I have downloaded the same file on my laptops (Mac, Linux) and the message is still the same - file is corrupted. However, it works in a browser and in system shell, so there is sth wrong actually with the way how R tries to extract this file on Linux/Unix systems. I think it might be related to the zlib library which is used by unzip
function on non-Windows systems:
The internal C code uses zlib and is in particular based on the contributed minizip application in the zlib sources (from https://zlib.net/)
What I can recommend is to :
- (1) check the same command on Windows
- (2) slightly more complicated - overwrite R's
unzip
:
Solution for no. 2:
# first - modify the default unzip:
unzip = function (zipfile, files = NULL, list = FALSE, overwrite = TRUE,
junkpaths = FALSE, exdir = ".", unzip = "internal", setTimes = FALSE) {
if (identical(unzip, "internal")) {
if (!list && !missing(exdir))
dir.create(exdir, showWarnings = FALSE, recursive = TRUE)
res <- system(paste0("/usr/bin/unzip -o ", zipfile, " -d ", exdir))
if (list) {
dates <- as.POSIXct(res[[3]], "%Y-%m-%d %H:%M", tz = "UTC")
data.frame(Name = res[[1]], Length = res[[2]], Date = dates,
stringsAsFactors = FALSE)
}
else invisible(attr(res, "extracted"))
}
else {
WINDOWS <- .Platform$OS.type == "windows"
if (!is.character(unzip) || length(unzip) != 1L || !nzchar(unzip))
stop("'unzip' must be a single character string")
zipfile <- path.expand(zipfile)
if (list) {
res <- if (WINDOWS)
system2(unzip, c("-ql", shQuote(zipfile)), stdout = TRUE)
else system2(unzip, c("-ql", shQuote(zipfile)), stdout = TRUE,
env = c("TZ=UTC"))
l <- length(res)
res2 <- res[-c(2, l - 1, l)]
res3 <- gsub(" *([^ ]+) +([^ ]+) +([^ ]+) +(.*)",
"\\1 \\2 \\3 \"\\4\"", res2)
con <- textConnection(res3)
on.exit(close(con))
z <- read.table(con, header = TRUE, as.is = TRUE)

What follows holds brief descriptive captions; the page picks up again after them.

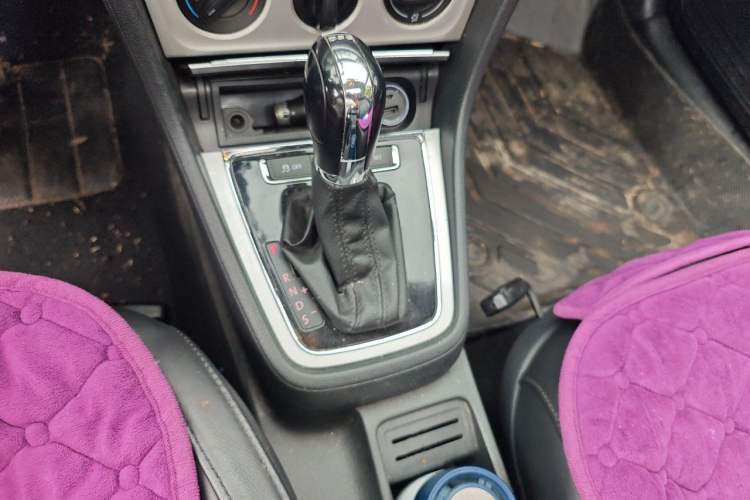 Used Volkswagen Gran Lavida 2013 1.4 TSI Automatic Comfort Model Gear Lever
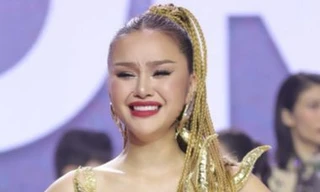 Thí sinh quỳ gối trên sân khấu sau khi giúp Lan Khuê đánh bại Thanh Hằng và Hồ Ngọc Hà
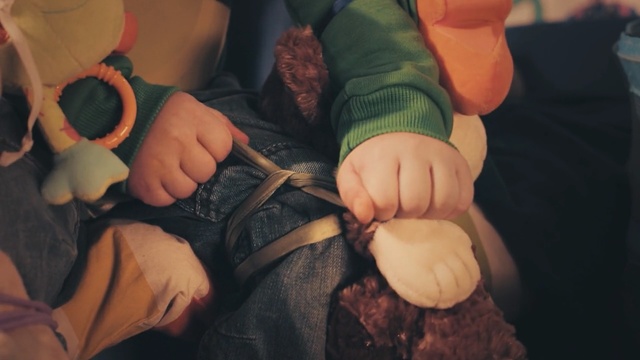 Video Reference: hand, finger, girl, arm, human body, mouth, leg, fun, joint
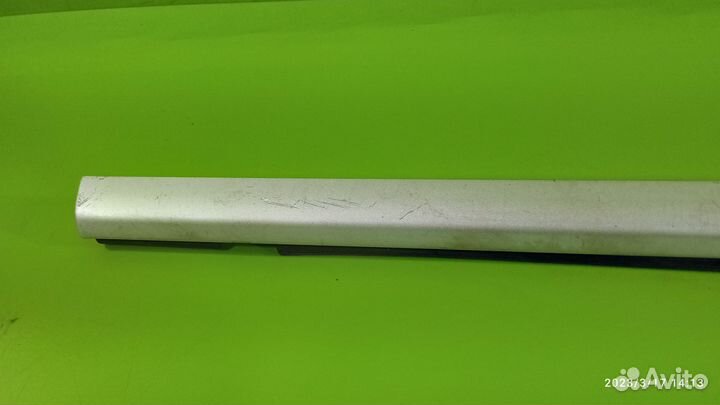 Молдинг стекла заднего правого Porsche Cayenne 955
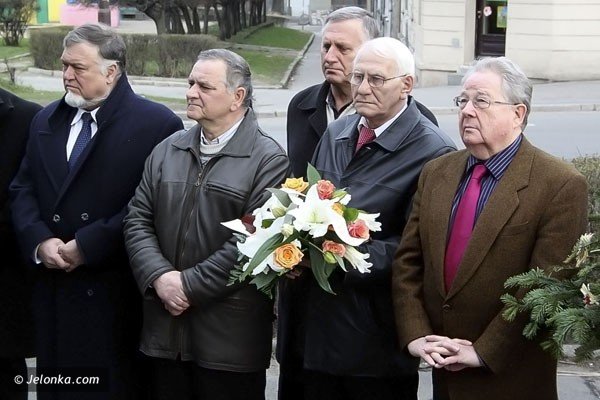 dwa-lata-po-katastrofie-smolenskiej-zozyli-kwiaty-pod-tablica-upamietniajaca-jerzego-szmajdzinskiego-39539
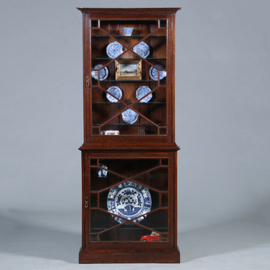Bijzonder ondiepe vitrine kast met geslepnglas en 8 verstelbare planchettes ca 1865 (No.431560)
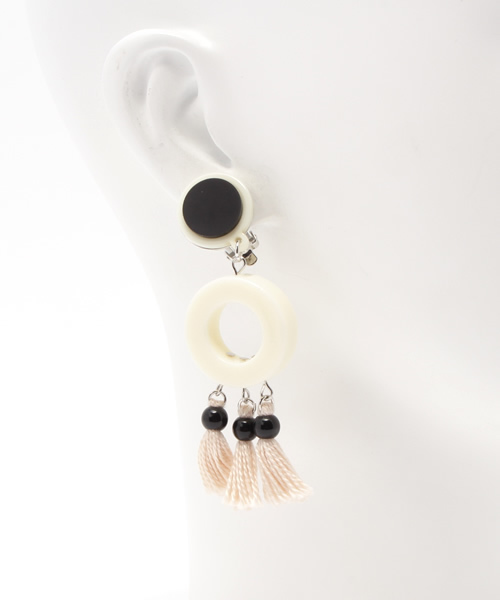 SLY(スライ)の「ACRYLICタッセルEARRING(イヤリング・レディース・レッド/ミント/オフホワイト・FREE)」の8枚目の写真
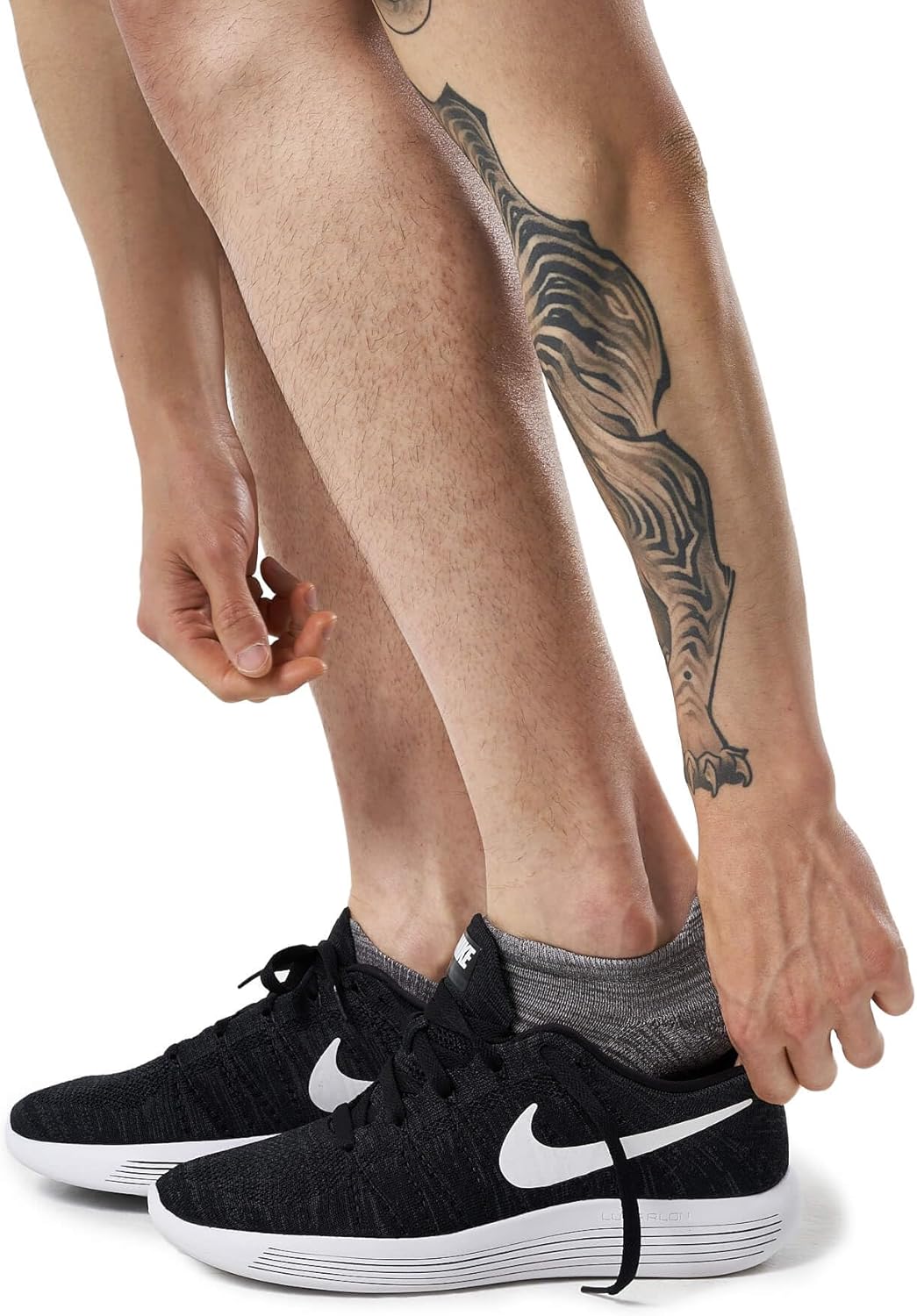 Mr. Davis Moisture Wicking Performance Athletic Sock Comfort Fit 3 Pack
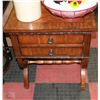 Image 1 : 24" X 16" X26"H 2 DRAWER WOOD CARVED END TABLE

dt <- paste(z$Date, z$Time)
formats <- if (max(nchar(z$Date) > 8))
c("%Y-%m-%d", "%d-%m-%Y", "%m-%d-%Y")
else c("%m-%d-%y", "%d-%m-%y", "%y-%m-%d")
slash <- any(grepl("/", z$Date))
if (slash)
formats <- gsub("-", "/", formats, fixed = TRUE)
formats <- paste(formats, "%H:%M")
for (f in formats) {
zz <- as.POSIXct(dt, tz = "UTC", format = f)
if (all(!is.na(zz)))
break
}
z[, "Date"] <- zz
z[c("Name", "Length", "Date")]
}
else {
args <- character()
if (junkpaths)
args <- c(args, "-j")
if (overwrite)
args <- c(args, "-oq", shQuote(zipfile))
else args <- c(args, "-nq", shQuote(zipfile))
if (length(files))
args <- c(args, shQuote(files))
if (exdir != ".")
args <- c(args, "-d", shQuote(exdir))
if (WINDOWS)
system2(unzip, args, stdout = NULL, stderr = NULL,
invisible = TRUE)
else system2(unzip, args, stdout = NULL, stderr = NULL)
invisible(NULL)
}
}
}
# overwrite the unzip in utils package:
assignInNamespace("unzip", unzip, ns = "utils")
# activate climate with the newer unzip command:
library(climate)
m = meteo_imgw(interval="daily", rank="precip", year=2021,
coords=TRUE, status=TRUE, col_names="full")
from climate.
Hi @bczernecki,
thank you for your very detailed reply!
I tried the same command on a Windows 10 computer and it failed with the same error message.
I also believe that there is something wrong with these files because when I extract the June 2021 on the Windows computer, it has less than 5000 lines compared to the typical 11000 of most other months.
For now, I worked around the problem by manually downloading, extracting and reformatting the 2021 precipitation files.
Is there anyone at IMGW whom I could notify about the corrupt files ?
Thanks again and have a nice weekend,
Armin
from climate.
The solution that I have provided above returned over 11k rows for May 2021, so it seems to be working fine. Here's the output for all that is available so far for 2021: 2021.xlsx
I have never had this kind of situation before, but I think you can try to contact IMGW by official form: https://imgw.pl/kontakt/reklamacje (in Polish, but writing in English shouldn't be a problem). I can also ask some of my friends working there about contact person to address this question.
from climate.
Further investigation (with "zip -F --out fixed.zip 2021_05_o.zip") showed that the CRC checksum of the ZIP archive is wrong. That's probably why R does not want to decompress the file.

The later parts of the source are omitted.